Traders are currently adopting a wait-and-see approach, awaiting the release of US durable goods orders and weekly initial jobless claims data. These macroeconomic indicators during North American hours are expected to provide new trading opportunities for USD/JPY.
Technical Outlook: Limited Upside, Clear Support Levels
The hourly chart of USD/JPY shows a mixed picture. The exchange rate is currently oscillating below the 100-hour simple moving average (SMA), with technical indicators showing negative momentum, indicating a higher probability of further short-term decline.
On the downside, the 155.30 level acts as the first support, near the 50% Fibonacci retracement. If this line fails, the psychological level of 155.00 will become the last line of defense. A confirmed break below 155.00 could trigger a deeper decline, with aggressive short traders increasing their bets.
However, the daily chart tells a different story. Technical indicators on the daily timeframe remain in strong zones, suggesting the overall upward trend remains resilient. This means any rebound attempting to retake 156.00 will face resistance. Specifically, around 156.35 (near the Asian session high) is a key resistance level for bears.
If USD/JPY successfully breaks above 156.00, the rebound target shifts to 157.00. Further buying could push the rate toward the 157.45-157.50 zone, then toward 158.00. It is worth noting that above 158.00 lies the high reached in mid-January, which remains a key resistance level.
In summary, the technical outlook shows a consolidation pattern, with short-term testing of support levels but the medium-term upward trend still intact. Traders should closely monitor the 155.30 and 156.00 support levels, while respecting resistance near 158.00.

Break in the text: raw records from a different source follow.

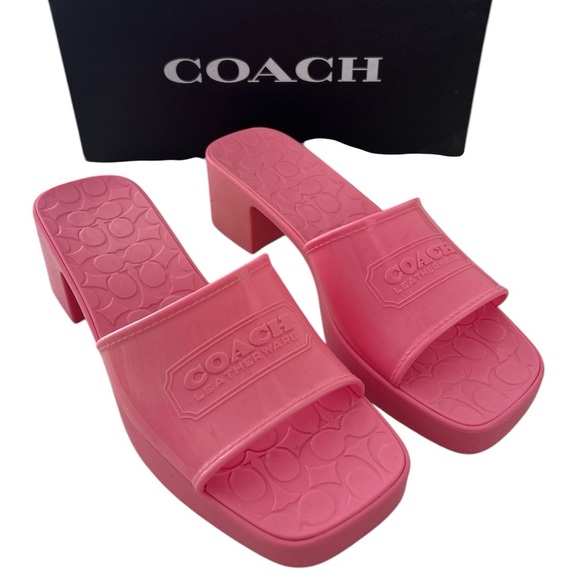 Coach Scarlett Rubber Sandals Petunia Pink Sz 8 - Picture 1 of 7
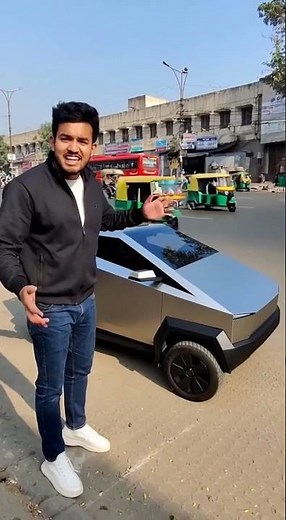 Mini Cybertruck Arrives in India! Full Speed Test Shocked Everyone 🤯⚡ #Cybertruck #MiniTruck #Tech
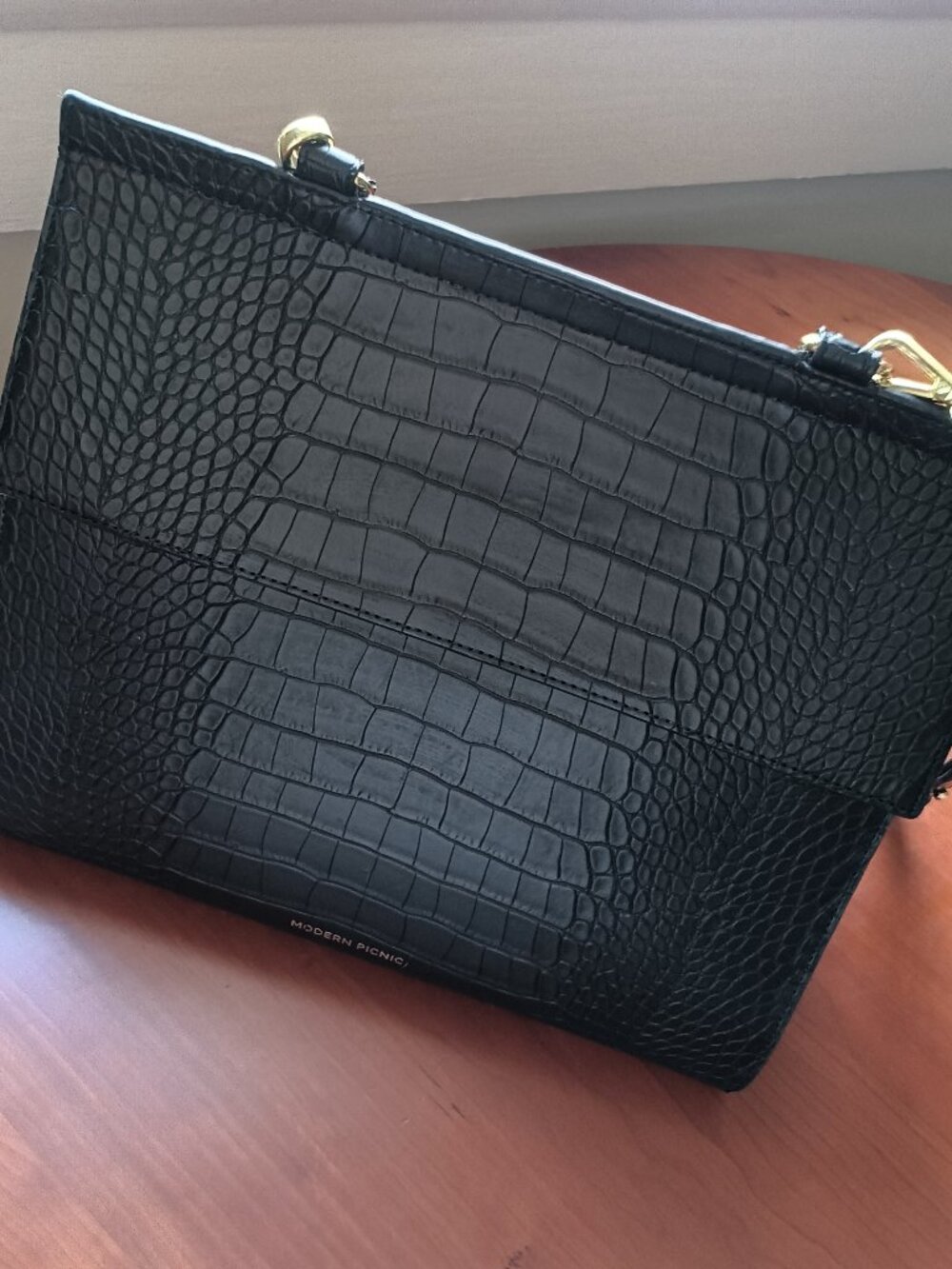 Modern Picnic The Larger Lunchbox Black Croc Embossed Vegan Leather Pre-Loved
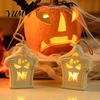 Party Hanging Decor Halloween Light Up Tombstone Ornaments, Spooky Small Graveyard Decoration with Home LED for Haunted House, Indoor Durable Plastic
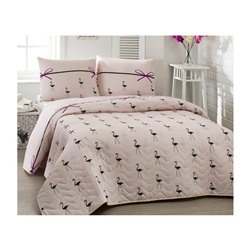 1 сп. Стеганое Покрывало Двустороннее 160x220 см. с Наволочкой 50x70 см. Flamingo Pudra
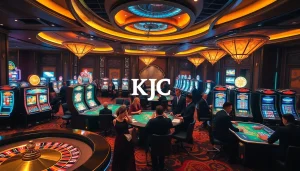 KJC players engaging in thrilling casino games with vibrant tables and slot machines.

Trading Outlook: Buy on Dips or Wait Patiently
The current market environment presents a tricky dilemma for traders. On one hand, the fundamental case for yen appreciation is strong, with the BoJ’s rate hike expectations genuinely boosting yen assets. On the other hand, improving global risk sentiment and the certainty of Fed rate cuts are exerting downward pressure.
For bullish yen traders, any intraday pullback in USD/JPY could now be viewed as a buying opportunity. The market even speculates that Japanese authorities might intervene if the exchange rate overshoots to excessive depreciation, adding an extra safety margin for yen buyers.
However, conservative traders may prefer to wait for more confirmation signals. Upcoming US economic data, especially durable goods orders and unemployment figures, could provide fresh directional cues for USD/JPY. These data releases might reinforce or weaken market expectations of further Fed rate cuts, influencing the dollar’s trajectory.
In any case, the 7500 JPY level has become a focal point for the market. This level reflects both the momentum for yen appreciation and traders’ medium-term outlook.